EXERCISE => Omit all pictures. Reproduce exactly the lines from the first line of the records below through the line with "PMA 2021 affiliate innovations finalist".

DATASET ENTRIES =>
-----
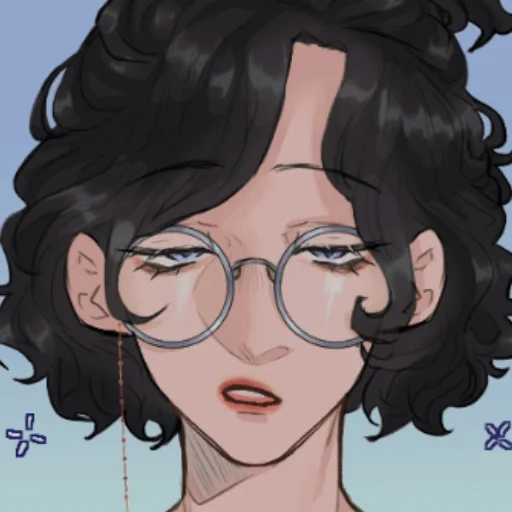 human face human face sketch cartoon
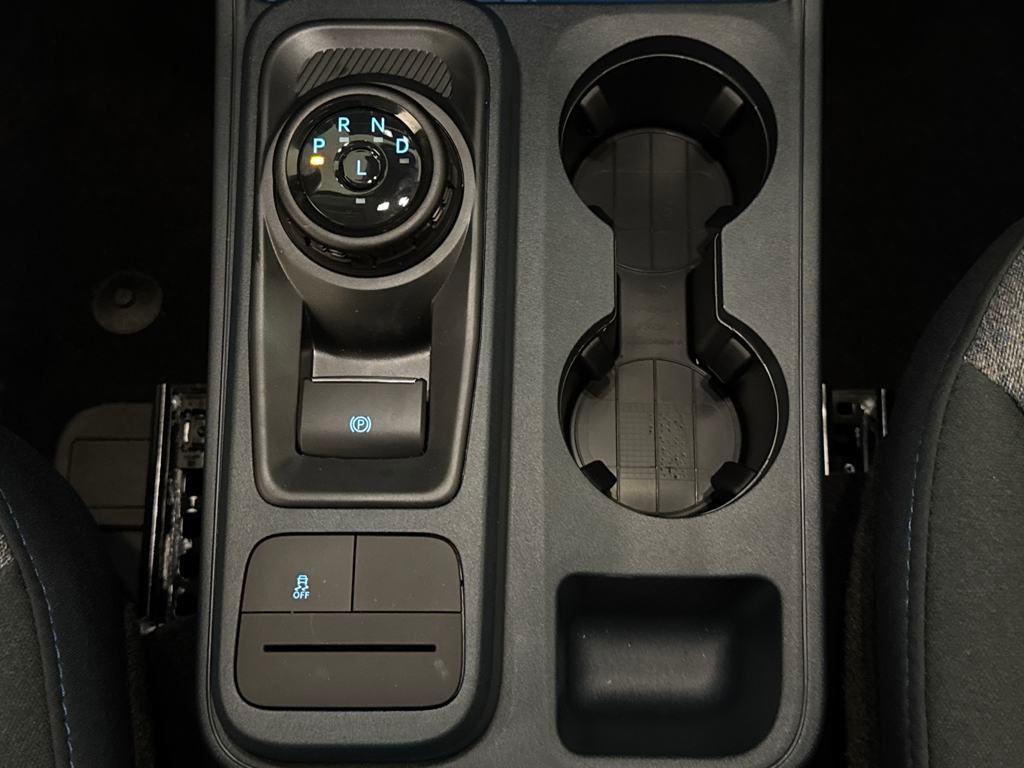new 2025 Ford Maverick car, priced at $32,271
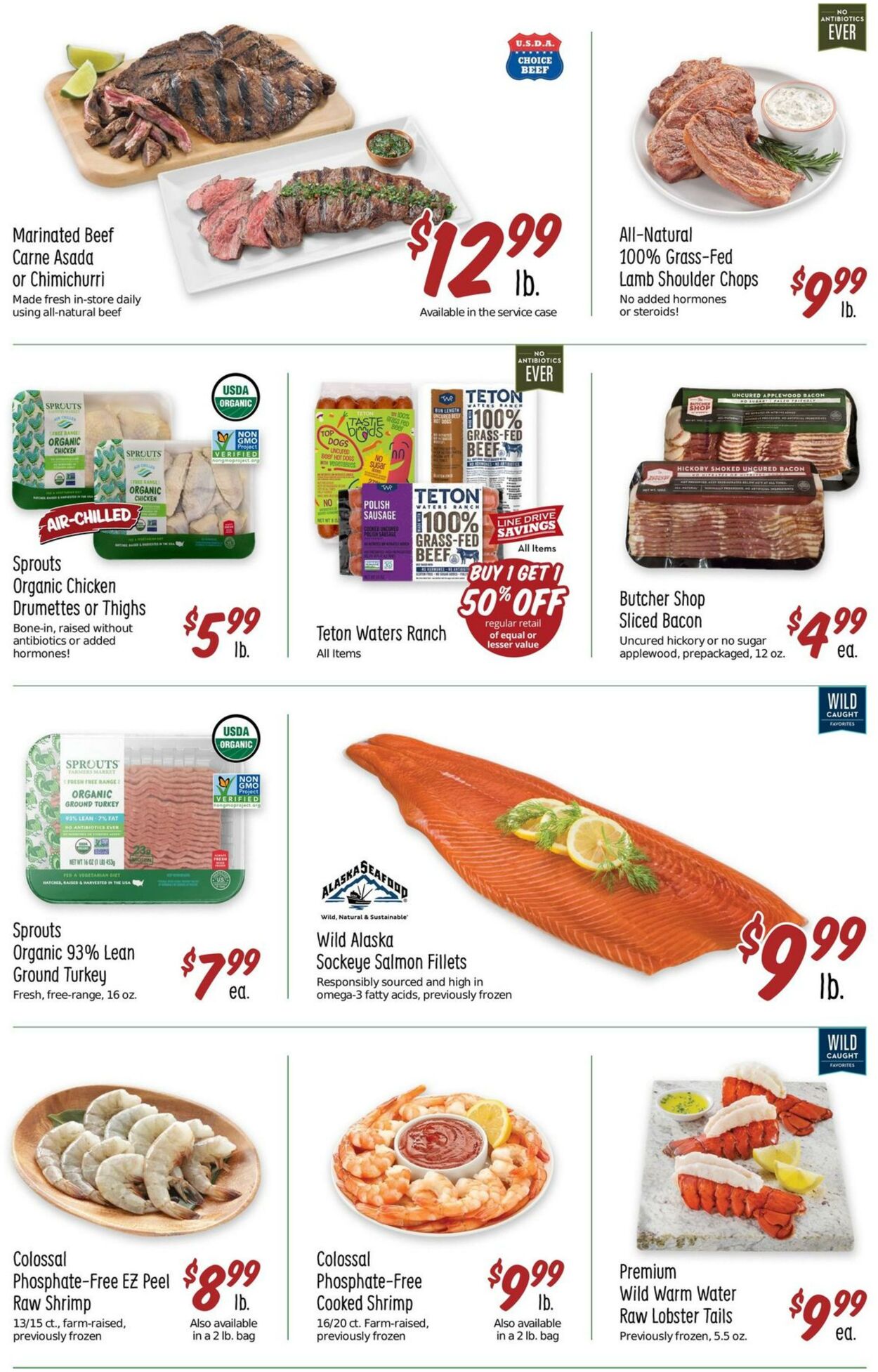 Weekly ad Sprouts 04/24/2024 - 04/30/2024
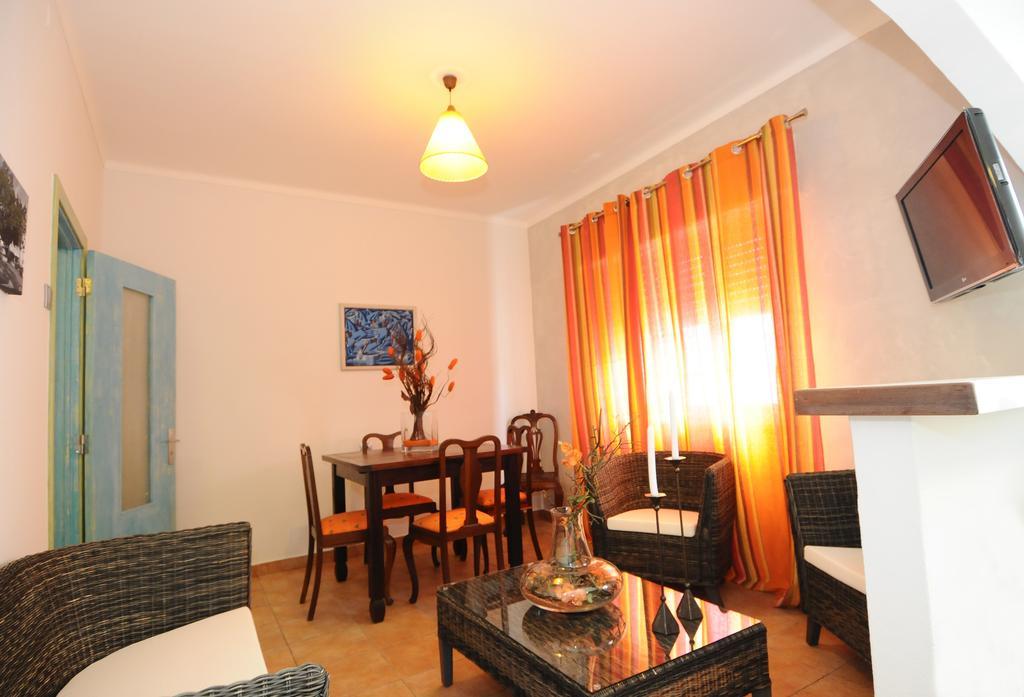Rossio Apartment Albufeira Cameră foto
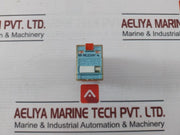 Releco C7-a20X Serie Qr-c 8-pin Miniature Relay Ac230V~ Iec/En 60947-4/-5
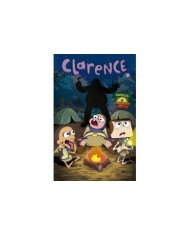 CLARENCE 2 CLARENCE 2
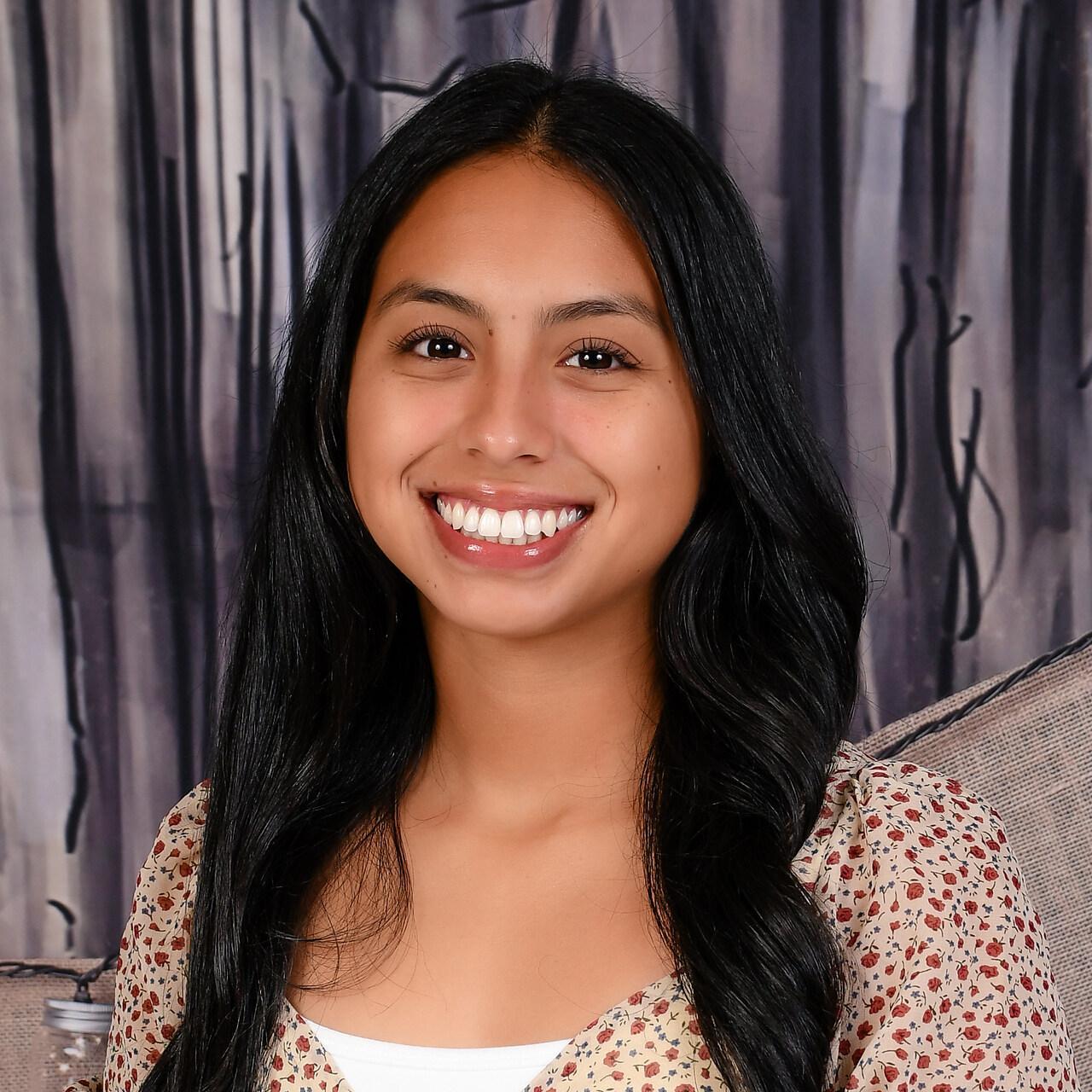 AnnaleeMendoza's Profile Photo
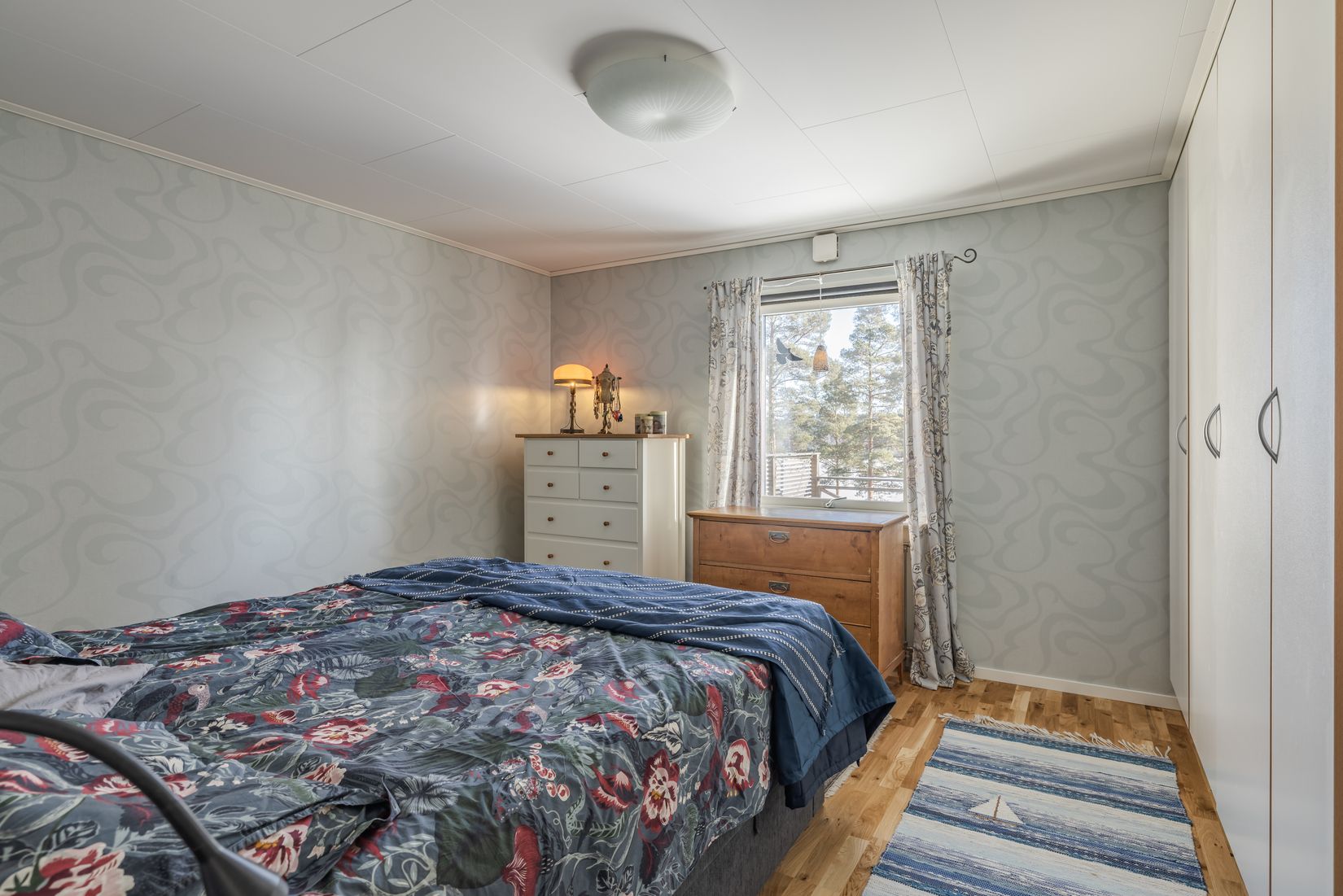 Villa, Sjöhagsvägen 36, Grums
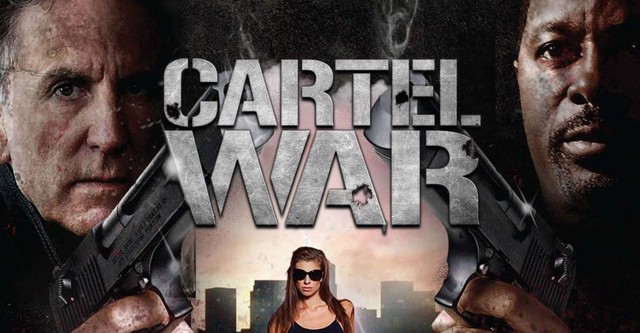 Cartel War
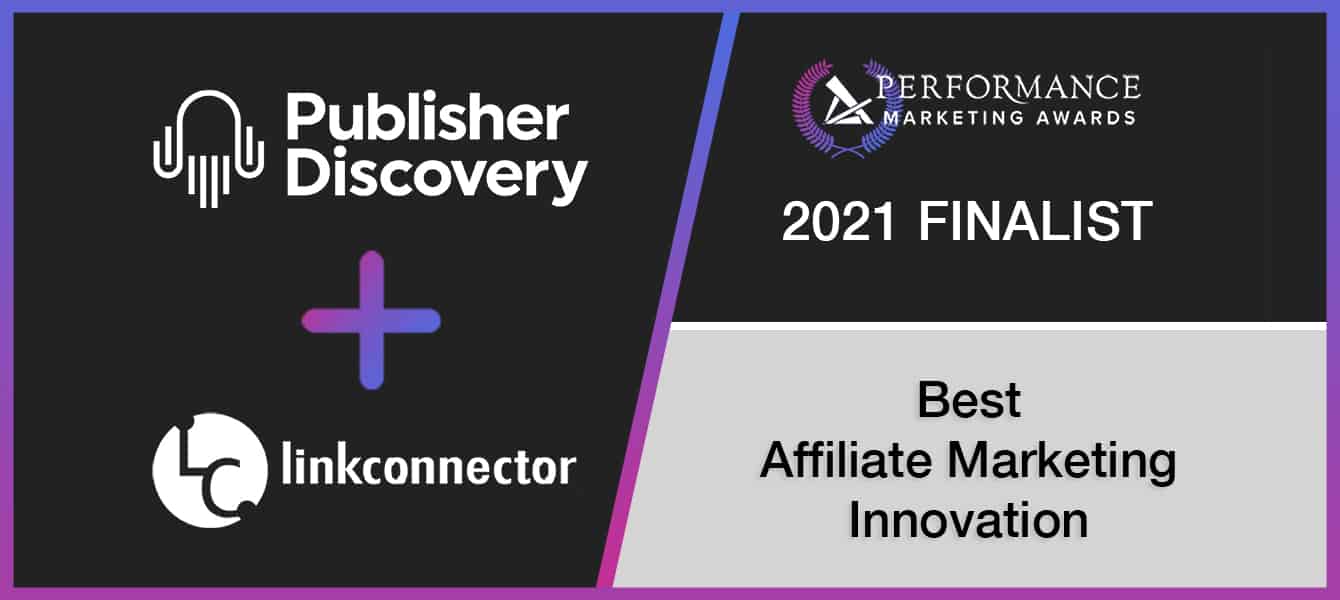 PMA 2021 affiliate innovations finalist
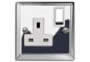 Additional Socket or Face plate upgrades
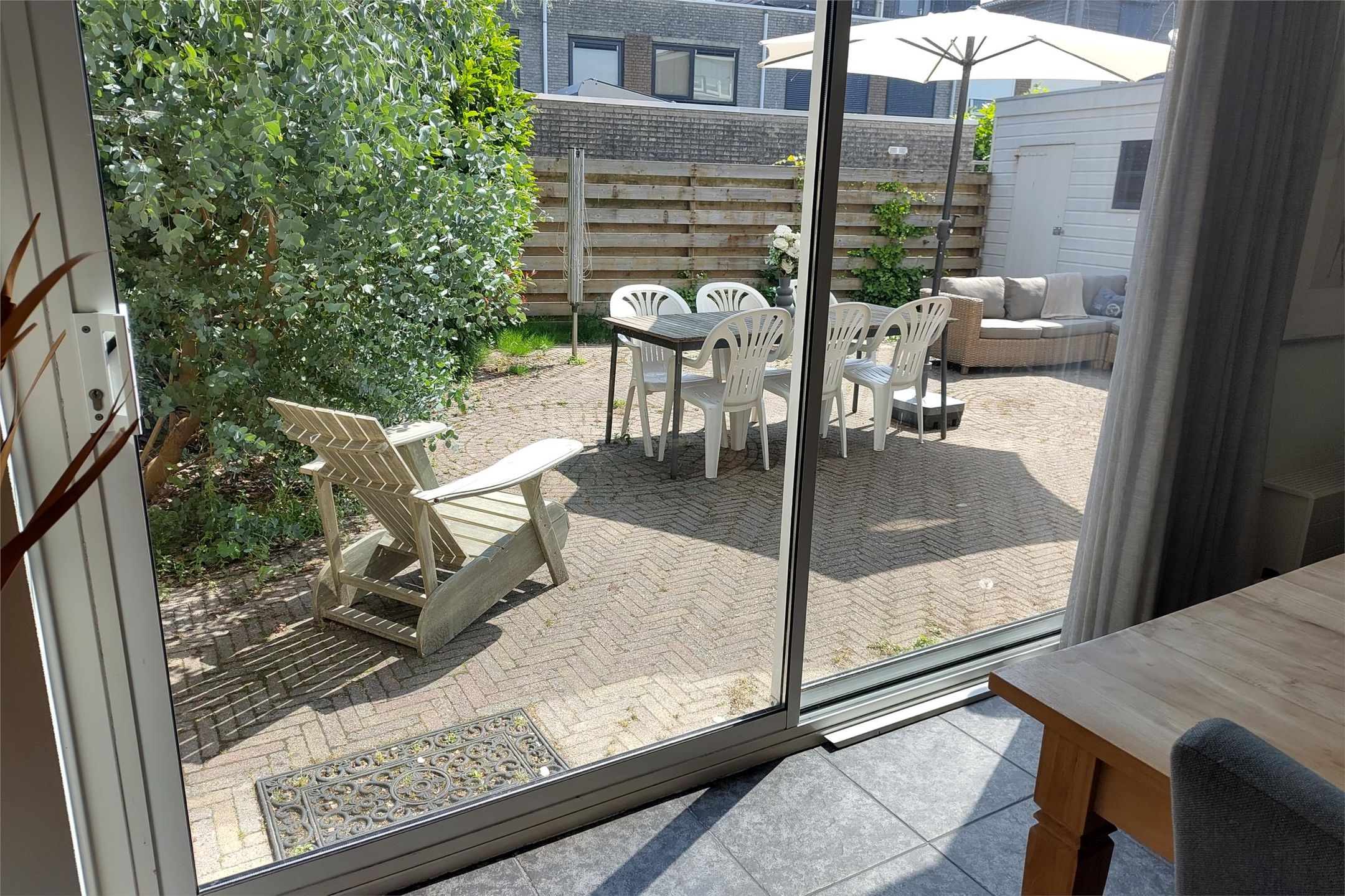 Foto 6 van De Tuinen 6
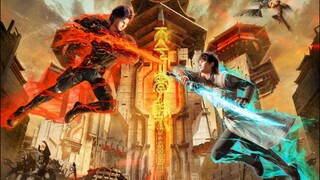 Fengyun_Bian_Nirvana_of_Storm_Rider_Ep_1-30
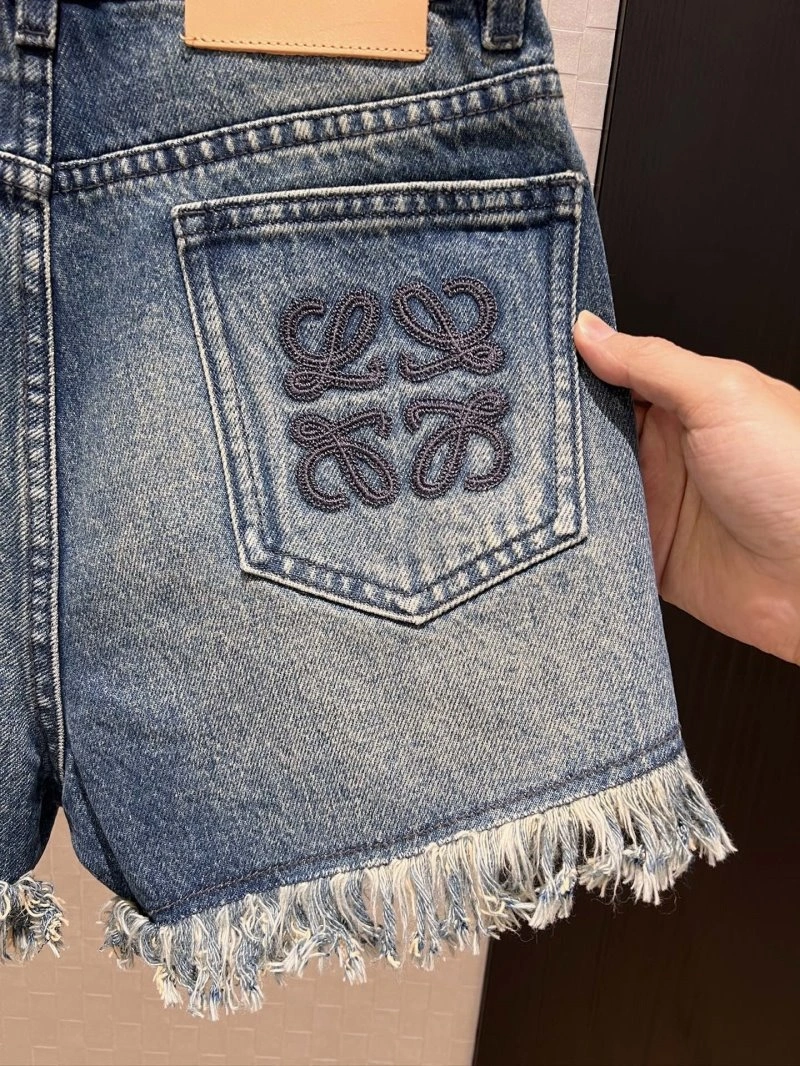 Unclassified Brand Jeans Lightweight 152678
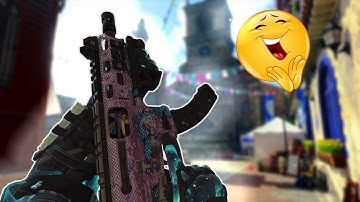 New Overpowered Daemon 3XB Class Set Up!!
-----
SOLVED PROBLEM =>
 human face human face sketch cartoon
new 2025 Ford Maverick car, priced at $32,271
 Weekly ad Sprouts 04/24/2024 - 04/30/2024
Rossio Apartment Albufeira Cameră foto
 Releco C7-a20X Serie Qr-c 8-pin Miniature Relay Ac230V~ Iec/En 60947-4/-5
 CLARENCE 2 CLARENCE 2
 AnnaleeMendoza's Profile Photo
 Villa, Sjöhagsvägen 36, Grums
 Cartel War
 PMA 2021 affiliate innovations finalist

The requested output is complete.